Computer system 600 may be coupled via I/O subsystem 602 to at least one output device 612. In one embodiment, output device 612 is a digital computer display. Examples of a display that may be used in various embodiments include a touchscreen display, a light-emitting diode (LED) display, a liquid crystal display (LCD), or an e-paper display. Computer system 600 may include other type(s) of output devices 612, alternatively or in addition to a display device. Examples of other output devices 612 include printers, ticket printers, plotters, projectors, sound cards or video cards, speakers, buzzers or piezoelectric devices or other audible devices, lamps or LED or LCD indicators, haptic devices, actuators or servos.
At least one input device 614 is coupled to I/O subsystem 602 for communicating signals, data, command selections, or gestures to processor 604. Examples of input devices 614 include touch screens, microphones, still and video digital cameras, alphanumeric and other keys, keypads, keyboards, graphics tablets, image scanners, joysticks, clocks, switches, buttons, dials, slides, and/or various types of sensors such as force sensors, motion sensors, heat sensors, accelerometers, gyroscopes, and inertial measurement unit (IMU) sensors and/or various types of transceivers such as wireless, such as cellular or Wi-Fi, radio frequency (RF) or infrared (IR) transceivers and Global Positioning System (GPS) transceivers.

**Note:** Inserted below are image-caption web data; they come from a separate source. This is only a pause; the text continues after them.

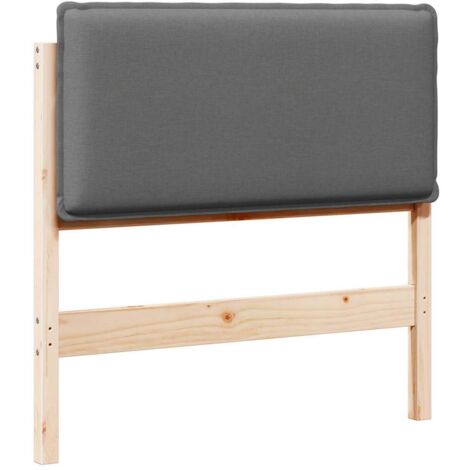 Tête de lit capitonnée Gris Naturel et Clair Pin massif vidaXL (1/5)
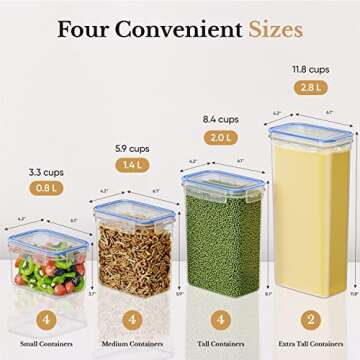 Airtight Food Storage Containers Set with Lids For Kitchen Organization 14 Pack - BPA Free Food Cani...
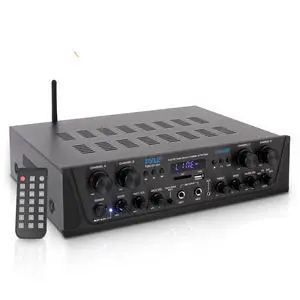 Pyle 500W Karaoke Amplifier with Bluetooth - 4 Channel Stereo Output, Front Panel Aux In, MIC1 / MIC2, Mic Vol with Echo / Talk Over, USB-A, SD/MMC, Sub Out, Rec Out - Home / Commercial -PTA44BT.5 Pyle 500W Karaoke Amplifier with Bluetooth - 4 Channel Stereo Output, Front Panel Aux In, MIC1 / MIC2, Mic Vol with Echo / Talk Over, USB-A, SD/MMC, Sub Out, Rec Out - Home / Commercial -PTA44BT.5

Another type of input device is a control device 616, which may perform cursor control or other automated control functions such as navigation in a graphical interface on a display screen, alternatively or in addition to input functions. The control device 616 may be a touchpad, a mouse, a trackball, or cursor direction keys for communicating direction information and command selections to processor 604 and for controlling cursor movement on an output device 612, such as a display. The input device may have at least two degrees of freedom in two axes, a first axis (e.g., x) and a second axis (e.g., y), that allows the device to specify positions in a plane. Another type of input device is a wired, wireless, or optical control device such as a joystick, wand, console, steering wheel, pedal, gearshift mechanism, or other control device. An input device 614 may include a combination of multiple input devices, such as a video camera and a depth sensor.

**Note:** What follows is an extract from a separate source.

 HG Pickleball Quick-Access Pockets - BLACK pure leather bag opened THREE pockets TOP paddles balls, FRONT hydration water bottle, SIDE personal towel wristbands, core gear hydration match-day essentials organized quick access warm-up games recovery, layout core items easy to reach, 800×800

In another embodiment, computer system 600 may comprise an Internet of Things (IoT) device in which one or more of the output device 612, input device 614, and control device 616 are omitted. Or, in such an embodiment, the input device 614 may comprise one or more cameras, motion detectors, thermometers, microphones, seismic detectors, other sensors or detectors, measurement devices or encoders, and the output device 612 may comprise a special-purpose display such as a single-line LED or LCD display, one or more indicators, a display panel, a meter, a valve, a solenoid, an actuator or a servo.
When computer system 600 is a mobile computing device, input device 614 may comprise a global positioning system (GPS) receiver coupled to a GPS module that is capable of triangulating to a plurality of GPS satellites, determining and generating geo-location or position data such as latitude-longitude values for a geophysical location of the computer system 600. Output device 612 may include hardware, software, firmware, and interfaces for generating position reporting packets, notifications, pulse or heartbeat signals, or other recurring data transmissions that specify a position of the computer system 600, alone or in combination with other application-specific data, directed toward host computer 624 or server computer 630.
Computer system 600 may implement the techniques described herein using customized hard-wired logic, at least one ASIC or FPGA, firmware, and/or program instructions or logic which, when loaded and used or executed in combination with the computer system, causes or programs the computer system to operate as a special-purpose machine. According to one embodiment, the techniques herein are performed by computer system 600 in response to processor 604 executing at least one sequence of at least one instruction contained in main memory 606. Such instructions may be read into memory 606 from another storage medium, such as storage 610. Execution of the sequences of instructions contained in memory 606 causes processor 604 to perform the process steps described herein. In alternative embodiments, hard-wired circuitry may be used in place of or in combination with software instructions.
The term “storage media,” as used herein, refers to any non-transitory media that store data and/or instructions that cause a machine to operate in a specific fashion. Such storage media may comprise non-volatile media and/or volatile media. Non-volatile media includes, for example, optical or magnetic disks, such as storage 610. Volatile media includes dynamic memory, such as memory 606. Common forms of storage media include, for example, a hard disk, solid state drive, flash drive, magnetic data storage medium, any optical or physical data storage medium, memory chip, or the like.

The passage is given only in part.